If New York State Governor Elliott Spitzer has his way, links from affiliates in New York State will cause ecommerce sites to have nexus in New York for sales taxes, according to an Associated Press (AP) report.

In other words, if the proposal, which is part of the Governor's budget passes, New York-based affiliates

would be considered "agents" of companies located outside of New York, thereby creating a "presence" in the state, which would cause the retailers to which they link to be liable for collecting and remitting New York State sales taxes. The proposal would apply to businesses that sell $10,000 in taxable products or more a year to New York state locations.

The AP report says Amazon.com is fighting NY on the issue, and I, as the owner of a New York-based business, hope many other companies join in the fight.

Here's why:
I think the Governor's proposal, should it be passed, will set a precedent that will unreasonably burden and harm New York small businesses and small businesses across the county.

The burden comes in the form of extra costs to buy tax databases and to find and set up an online shopping cart to properly collect sales taxes. There's also a huge time component (huge for the typical small business) associated with reporting and remitting the taxes.

New York's tax system - and some in other states as well- is particularly cumbersome for small businesses because of the requirement to collect and remit taxes at the rate in effect in the taxing jurisdiction (usually the country or city) where you ship the product in the state. There are over 75 such taxing jurisdictions in effect in NY. Furthermore, there is no one tax rate that applies to all the taxing jurisdictions. The state sales tax is 4%, but on top of that, most taxing jurisdictions have their own taxes. So, the total tax that has to be collected on a New York State sale may be 9% or 7 1/8% or 8 3/8 % or some other fraction (usually between 7 and 9%).

Then, quarterly , the taxes have to be remitted and accounted for on the state sales tax return according to the individual taxing jurisdiction. To make that happen, the retailer has to calculate the product cost plus shipping (shipping is taxable in NY) minus the collected sales tax for each city or county to which anything has been shipped. They have to list that amount in one column on the sales tax return, then put the sales tax due on that amount in another column.

To complicate matters a bit, the NY state tax form requires you to round the sales for each taxing jurisdiction to the dollar amount. That's a pain for me, at least, because the program I use to add up the sales from our shopping cart for each region and figure the tax, doesn't round the total. So I have to do that last step manually. Then, there are sales to non-profits that have to be found, and subtracted from the appropriate taxing jurisdiction total before calculating the tax.

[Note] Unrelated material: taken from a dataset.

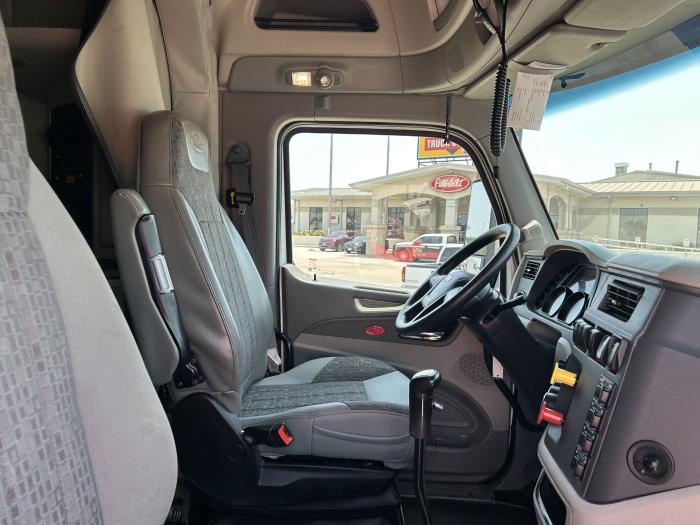 2018 Peterbilt 579-24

If that all sounds like a huge nightmare, it is. Even though I've been able to get much of the process automated at this point, it still takes me or whoever I assign to the task at least half a day to fill out the quarterly tax report for New York. Imagine the time and effort that would be involved if all 50 states decided to put through proposals such as Governor Spitzer's.

As a point of fact, from what I've heard, many New York small businesses that sell online do not properly collect and remit taxes. Instead of collecting at the rate in effect where the products are shipped, they collect and remit based on their own physical location only. I've heard the same thing from businesses in other states with similar tax rules in place.

Setting $10,000 as the jump off point for out-of-state companies with affiliates to have to start collecting state sales taxes doesn't help small businesses very much. $10,000 is not very much. Assuming all the states had similar rules, and a small business sold products equally to each state, a company with sales revenues as low as $500,000 would then be required to collect, file tax returns and remit taxes for all 50 states. Businesses with $500,000 in sales are still pretty small businesses with limited monetary and human resources to deal with burdensome regulations and reporting.

So, politicians out there: before you cry wolf about lost sales taxes on the Internet, before you wave the flag of "unfair competition" (ie, out-of-state companies not collecting sales taxes), realize that your IN-state businesses are increasingly going online to sell products nationwide, to grow their businesses, to grow their local economies and grow the economy of your state. In other words, to bring in money, some of which will find its way into your state coffers.

And Governor Spitzer: Before you push further for precedent-setting legislation, consider what the same legislation would do to the small businesses in your own state if all the other states in the country enacted similar legislation. Remember, the more burdensome and costly it is for small businesses to do business, the slower they will grow and the faster they will fail. More burdens for small businesses ultimately means fewer new jobs created each year, and slow growing or declining local and state economies.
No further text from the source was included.